→ Task brief
From the entries, filter out every line that lacks "Print" and copy the rest.
── Exercise inputs
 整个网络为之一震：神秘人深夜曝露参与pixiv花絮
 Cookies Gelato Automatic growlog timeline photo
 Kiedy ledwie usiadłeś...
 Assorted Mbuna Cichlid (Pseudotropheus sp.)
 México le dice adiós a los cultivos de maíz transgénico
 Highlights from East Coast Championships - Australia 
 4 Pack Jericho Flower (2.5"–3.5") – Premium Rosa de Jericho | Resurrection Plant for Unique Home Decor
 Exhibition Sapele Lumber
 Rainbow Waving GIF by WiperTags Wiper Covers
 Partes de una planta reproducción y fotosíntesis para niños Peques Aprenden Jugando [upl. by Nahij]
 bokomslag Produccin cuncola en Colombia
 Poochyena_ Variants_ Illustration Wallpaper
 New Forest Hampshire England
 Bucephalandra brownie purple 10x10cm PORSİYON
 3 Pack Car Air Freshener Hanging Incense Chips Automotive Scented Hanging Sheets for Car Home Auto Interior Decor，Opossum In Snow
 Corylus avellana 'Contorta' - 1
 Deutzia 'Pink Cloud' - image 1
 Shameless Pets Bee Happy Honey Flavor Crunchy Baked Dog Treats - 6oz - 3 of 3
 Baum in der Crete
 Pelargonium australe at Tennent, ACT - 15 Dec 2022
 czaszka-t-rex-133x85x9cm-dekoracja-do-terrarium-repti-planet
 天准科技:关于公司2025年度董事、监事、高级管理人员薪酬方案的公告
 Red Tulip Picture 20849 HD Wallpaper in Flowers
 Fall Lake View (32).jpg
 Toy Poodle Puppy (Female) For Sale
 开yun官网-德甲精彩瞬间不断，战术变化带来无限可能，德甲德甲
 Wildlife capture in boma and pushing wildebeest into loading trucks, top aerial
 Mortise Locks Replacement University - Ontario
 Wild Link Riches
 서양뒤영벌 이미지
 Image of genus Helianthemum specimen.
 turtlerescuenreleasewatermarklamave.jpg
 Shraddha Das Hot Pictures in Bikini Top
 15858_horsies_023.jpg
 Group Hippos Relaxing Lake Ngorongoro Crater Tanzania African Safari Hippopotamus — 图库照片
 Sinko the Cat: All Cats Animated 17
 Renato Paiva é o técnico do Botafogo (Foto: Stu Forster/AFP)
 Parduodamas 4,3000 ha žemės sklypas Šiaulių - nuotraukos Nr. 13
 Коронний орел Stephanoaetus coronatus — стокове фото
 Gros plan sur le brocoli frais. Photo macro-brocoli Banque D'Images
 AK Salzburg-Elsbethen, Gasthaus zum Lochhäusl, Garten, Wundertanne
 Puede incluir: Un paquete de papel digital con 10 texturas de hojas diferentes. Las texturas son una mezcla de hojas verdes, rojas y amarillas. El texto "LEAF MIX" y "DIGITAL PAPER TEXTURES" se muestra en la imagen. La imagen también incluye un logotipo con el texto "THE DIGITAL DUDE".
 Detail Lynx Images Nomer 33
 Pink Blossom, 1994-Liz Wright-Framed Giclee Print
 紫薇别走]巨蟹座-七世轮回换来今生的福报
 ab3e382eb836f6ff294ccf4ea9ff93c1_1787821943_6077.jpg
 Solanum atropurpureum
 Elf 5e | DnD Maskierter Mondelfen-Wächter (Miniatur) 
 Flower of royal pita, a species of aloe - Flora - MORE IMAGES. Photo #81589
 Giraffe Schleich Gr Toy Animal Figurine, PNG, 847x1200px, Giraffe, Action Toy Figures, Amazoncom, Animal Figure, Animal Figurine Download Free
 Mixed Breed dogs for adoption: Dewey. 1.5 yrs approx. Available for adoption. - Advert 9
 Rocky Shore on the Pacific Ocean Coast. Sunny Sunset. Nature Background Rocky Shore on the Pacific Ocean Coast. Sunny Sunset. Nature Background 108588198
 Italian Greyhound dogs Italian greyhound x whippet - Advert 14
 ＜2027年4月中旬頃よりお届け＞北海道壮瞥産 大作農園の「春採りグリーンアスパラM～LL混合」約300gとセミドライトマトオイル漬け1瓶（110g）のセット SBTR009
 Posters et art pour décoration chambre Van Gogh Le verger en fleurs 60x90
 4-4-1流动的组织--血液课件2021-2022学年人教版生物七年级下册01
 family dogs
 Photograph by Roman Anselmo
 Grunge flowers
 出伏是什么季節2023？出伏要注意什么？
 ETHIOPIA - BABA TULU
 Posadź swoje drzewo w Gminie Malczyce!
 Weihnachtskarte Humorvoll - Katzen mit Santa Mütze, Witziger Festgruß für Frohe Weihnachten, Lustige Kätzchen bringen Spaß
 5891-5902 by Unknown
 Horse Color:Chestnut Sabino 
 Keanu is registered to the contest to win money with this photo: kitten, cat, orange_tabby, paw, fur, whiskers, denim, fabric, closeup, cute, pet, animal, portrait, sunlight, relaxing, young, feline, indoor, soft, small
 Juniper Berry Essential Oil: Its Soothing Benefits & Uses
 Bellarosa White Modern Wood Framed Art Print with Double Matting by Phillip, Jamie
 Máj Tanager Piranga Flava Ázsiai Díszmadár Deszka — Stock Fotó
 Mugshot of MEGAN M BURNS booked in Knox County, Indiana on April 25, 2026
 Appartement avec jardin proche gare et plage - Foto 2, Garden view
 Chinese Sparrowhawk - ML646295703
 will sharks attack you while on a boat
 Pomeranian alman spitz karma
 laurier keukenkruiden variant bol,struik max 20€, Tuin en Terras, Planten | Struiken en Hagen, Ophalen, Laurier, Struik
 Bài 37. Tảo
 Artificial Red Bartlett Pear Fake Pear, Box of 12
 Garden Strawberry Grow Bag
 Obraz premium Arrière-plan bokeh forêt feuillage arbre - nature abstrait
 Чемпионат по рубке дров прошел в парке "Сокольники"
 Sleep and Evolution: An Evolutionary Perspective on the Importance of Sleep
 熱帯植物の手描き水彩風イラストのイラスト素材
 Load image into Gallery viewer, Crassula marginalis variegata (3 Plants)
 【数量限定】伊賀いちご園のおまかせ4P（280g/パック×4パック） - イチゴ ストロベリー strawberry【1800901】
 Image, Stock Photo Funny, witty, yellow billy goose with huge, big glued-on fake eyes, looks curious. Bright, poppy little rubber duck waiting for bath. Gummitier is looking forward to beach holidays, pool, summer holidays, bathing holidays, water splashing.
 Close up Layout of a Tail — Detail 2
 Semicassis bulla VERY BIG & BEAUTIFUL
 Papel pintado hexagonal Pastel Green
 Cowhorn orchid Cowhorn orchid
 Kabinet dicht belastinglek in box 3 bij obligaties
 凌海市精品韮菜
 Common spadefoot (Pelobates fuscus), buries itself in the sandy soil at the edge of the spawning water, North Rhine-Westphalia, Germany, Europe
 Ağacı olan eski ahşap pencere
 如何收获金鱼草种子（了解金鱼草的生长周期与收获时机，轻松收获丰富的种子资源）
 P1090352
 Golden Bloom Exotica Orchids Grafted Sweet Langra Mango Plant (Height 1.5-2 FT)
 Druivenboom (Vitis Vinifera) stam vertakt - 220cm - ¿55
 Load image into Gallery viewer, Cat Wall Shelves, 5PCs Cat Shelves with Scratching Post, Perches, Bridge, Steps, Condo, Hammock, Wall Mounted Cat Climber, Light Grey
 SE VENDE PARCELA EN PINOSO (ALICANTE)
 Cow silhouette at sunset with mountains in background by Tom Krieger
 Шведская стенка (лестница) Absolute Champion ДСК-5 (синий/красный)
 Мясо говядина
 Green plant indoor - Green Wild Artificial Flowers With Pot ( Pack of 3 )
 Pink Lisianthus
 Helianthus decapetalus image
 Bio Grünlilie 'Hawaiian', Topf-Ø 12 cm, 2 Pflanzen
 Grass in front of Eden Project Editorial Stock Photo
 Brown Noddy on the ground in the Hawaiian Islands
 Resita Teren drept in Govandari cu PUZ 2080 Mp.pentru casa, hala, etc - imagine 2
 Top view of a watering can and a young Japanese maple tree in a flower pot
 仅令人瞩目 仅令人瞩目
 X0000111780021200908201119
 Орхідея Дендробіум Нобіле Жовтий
────
→ Result of this task
 Pink Blossom, 1994-Liz Wright-Framed Giclee Print
 Bellarosa White Modern Wood Framed Art Print with Double Matting by Phillip, Jamie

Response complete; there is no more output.